All of the benchmarks use the same processor: AMD EPYC 7763v (with SEV-SNP disabled, except for BastionLab within a TEE which has SEV-SNP enabled).

We used a join() operation as our baseline operation.

The memory benchmarks (memory usage) were tracked differently across Rust applications and Python applications. In Rust we used jemalloc to track memory usage and memory_profiler in Python.

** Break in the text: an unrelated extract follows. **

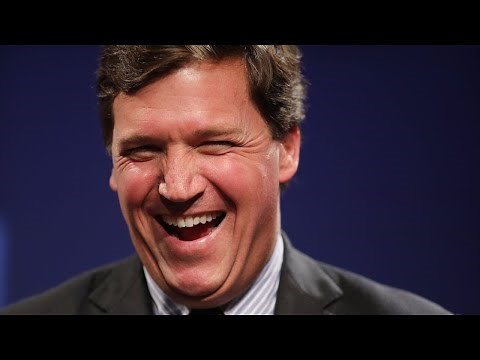 FULL INTERVIEW: Tucker Carlson joins Peta Credlin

When comparing memory usage benchmarks, we recommend comparing Python (Polars Python against Pandas) and Rust (BastionLab against Polars Rust).

These benchmarks were performed on Azure virtual machines, the specifications of the machines (cores and memory) can be found in each benchmark table.

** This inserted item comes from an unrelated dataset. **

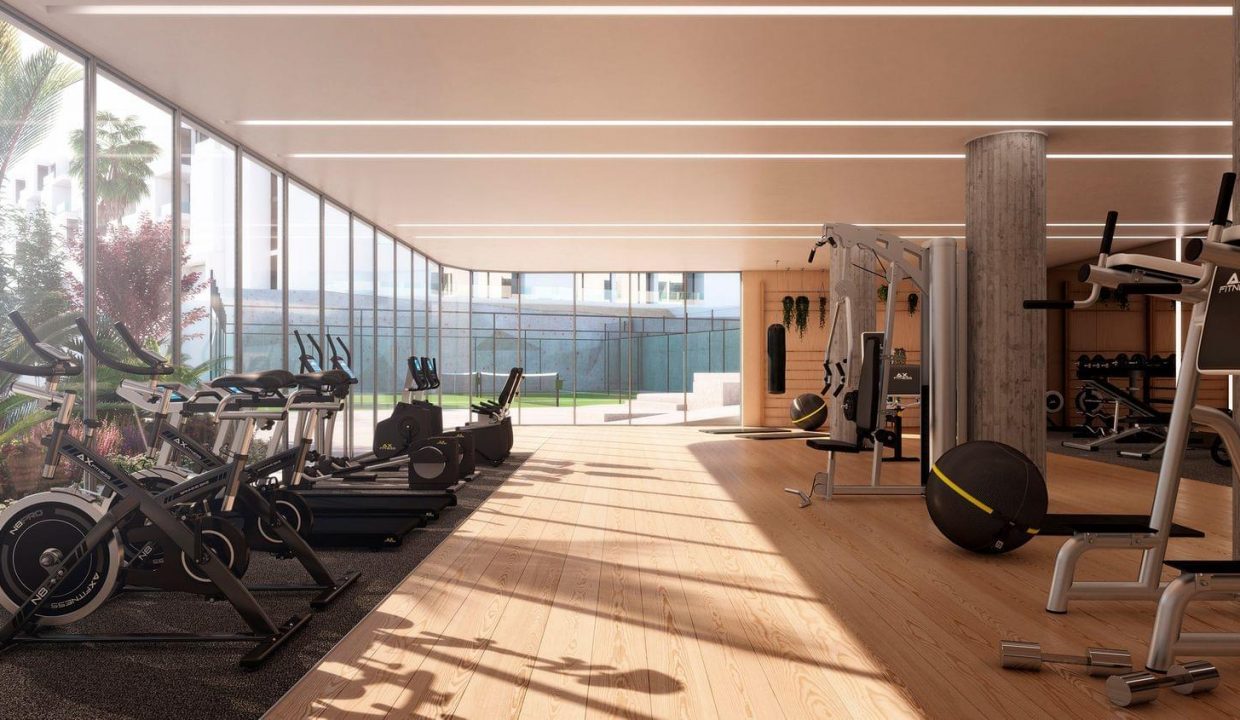Promoción Kings Lofts, obra nueva en San Sebastián de los Reyes (Revista)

Benchmarking a 10Mx7 JOIN 100x5


This benchmark shows that BastionLab can perform a join operation faster than the other compared solutions - Pandas and Polars.

The mean execution times indicate that using BastionLab is comparable to using Polars. BastionLab is still a little bit more performant, being 1.14 times faster than Polars Rust and 1.19 times faster than Polars Python. BastionLab is however 7.15 times faster than Pandas!

Using BastionLab within a TEE adds a slight overhead. BastionLab (without a TEE) is 1.39 times faster than BastionLab within a TEE.

Privacy Processor Memory Usage (MB) Standard deviation of Time Mean Execution Time Operation Total Runs (Same Parameters) Cores Memory
BastionLab + TEE SEV (Encryption) + Access Control AMD EPYC 7763v 0.15951 2.29914 s INNER JOIN 10 16 64 GB
BastionLab Access Control AMD EPYC 7763v 12068.93436 0.06813 1.64691 s INNER JOIN 10 16 64 GB
Polars Lazy API Python AMD EPYC 7763v 16514.42188 0.05930 1.97007 s INNER JOIN 10 16 64 GB
Pandas AMD EPYC 7763v 18422.98438 0.54693 11.78010 s INNER JOIN 10 16 64 GB
Polars Lazy API Rust AMD EPYC 7763v 11267.53197 0.05090 1.884 s INNER JOIN 10 16 64 GB

Benchmarking a 100Mx7 JOIN 100x5


When a larger join operation is performed, we see that using BastionLab remains comparable to using Polars in terms of average execution time. In this case BastionLab is 2.25 times faster than Polars Rust and 1.22 times faster than Polars Python. Here, again, BastionLab is much faster than Pandas with a 12.5 times better performance.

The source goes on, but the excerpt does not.